Dans l’affaire à l’origine de l’arrêt de la Cour de cassation de 2008, la société Garage de l’Étoile a remis à son actionnaire, la société HF participation, à titre de dividendes, un ensemble immobilier. À l’issue d’une vérification de comptabilité, l’administration fiscale, considérant que cette remise constituait une cession à titre onéreux d’immeuble, a procédé à un redressement tendant au paiement des droits d’enregistrement correspondant à cette opération. Après avoir contesté le redressement et formé une réclamation contentieuse, laquelle a été rejetée, la société a assigné l’administration pour obtenir la décharge de ces impositions. La cour d’appel de Metz a accueilli favorablement cette demande (CA Metz, 19 avr. 2005). L’administration fiscale s’est pourvu en cassation contre cet arrêt au motif que les dispositions de l’article 683-I du Code général des impôts ont vocation à s’appliquer largement à tout acte translatif de propriété de biens immobiliers à titre onéreux. En l’espèce, la société HF participation ayant opté pour le paiement du dividende sous forme de remise de biens immobiliers, la société Garage de l’Étoile s’est trouvée débitrice à son égard d’une obligation en nature de lui transférer la propriété d’un de ses immeubles inscrits à l’actif social. Pour l’administration fiscale, cette forme de paiement du dividende constituait un acte translatif de propriété d’un bien immobilier à titre onéreux. Après avoir relevé que l’article 683-I du Code général des impôts vise les actes translatifs de propriété à titre onéreux, la cour d’appel a néanmoins considéré que les dispositions de ce texte ne s’appliquent pas en l’espèce dès lors que l’opération litigieuse ne constitue pas une cession. Pour l’administration fiscale, ce faisant, la cour d’appel assimilait à tort la notion d’acte translatif de propriété à titre onéreux à celle beaucoup plus restrictive de cession, réduisant ainsi la portée de l’article 683-I du Code général des impôts.
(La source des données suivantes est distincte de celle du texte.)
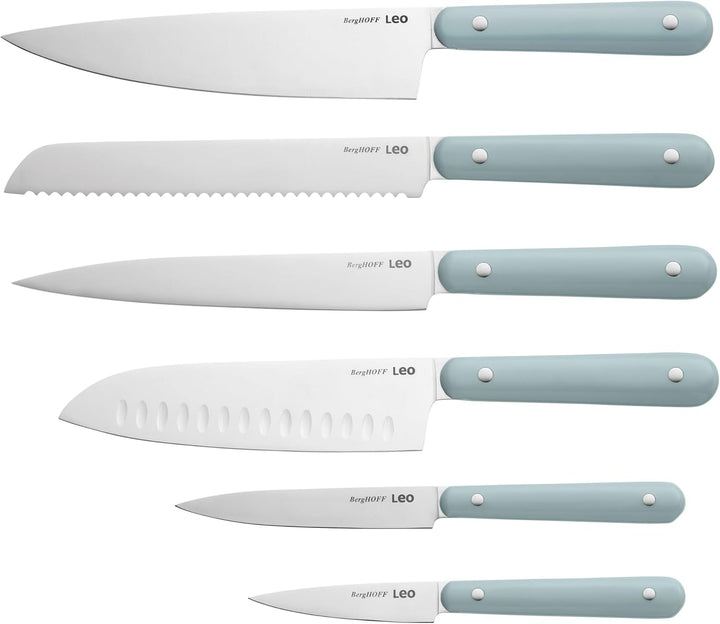 BergHoff Messerblock Set Slate - Leo (7-teilig, Kochmesser Set mit Holzblock, Küchenmesser Schälmess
Pour la Cour de cassation, après avoir relevé que les articles 682 et 683 du Code général des impôts visaient exclusivement les mutations à titre onéreux, la cour d’appel a, dès lors que la décision de distribution de dividendes constitue un acte juridique unilatéral et non un contrat, décidé, à bon droit, qu’il n’y avait pas eu transmission de propriété de bien immobilier à titre onéreux, la remise de l’immeuble en paiement du dividende dû à la société HF participation ne constituant pas une cession.

La réponse ministérielle

Conformément aux dispositions de l’article 682 du Code général des impôts, à défaut d’acte, les mutations à titre onéreux d’immeubles ou de droits immobiliers sont soumises aux droits d’enregistrement selon le taux prévu pour les opérations de même nature donnant lieu au paiement de la taxe de publicité foncière. L’article 683 du même code précise que les actes civils et judiciaires translatifs de propriété ou d’usufruit de biens immeubles à titre onéreux sont assujettis à une taxe de publicité foncière ou à un droit d’enregistrement au taux prévu à l’article 1594 D, soit 3,80 % avec modulation possible par les conseils départementaux sans que ces modifications puissent avoir pour effet de le réduire à moins de 1,20 % ou de le relever au-delà de 4,50 %. « En application d’une jurisprudence constante de la Cour de cassation, la décision de distribution de dividendes constitue un acte juridique unilatéral et non un contrat », précise le ministre de l’Action et des Comptes publics. Le versement de dividendes par la remise de biens immobiliers ne constitue pas une transmission de propriété de bien immobilier à titre onéreux et dès lors n’est pas taxable aux droits de mutation à titre onéreux. « Il n’en demeure pas moins qu’une telle opération n’échappe pas à toute fiscalité, poursuit le ministre. En effet, l’attribution aux associés de produits en nature, telle que par exemple la remise d’un immeuble gratuitement ou à prix réduit, constitue une distribution imposable à l’impôt sur le revenu dans la catégorie des revenus de capitaux mobiliers sur le fondement de l’article 109 du Code général des impôts ».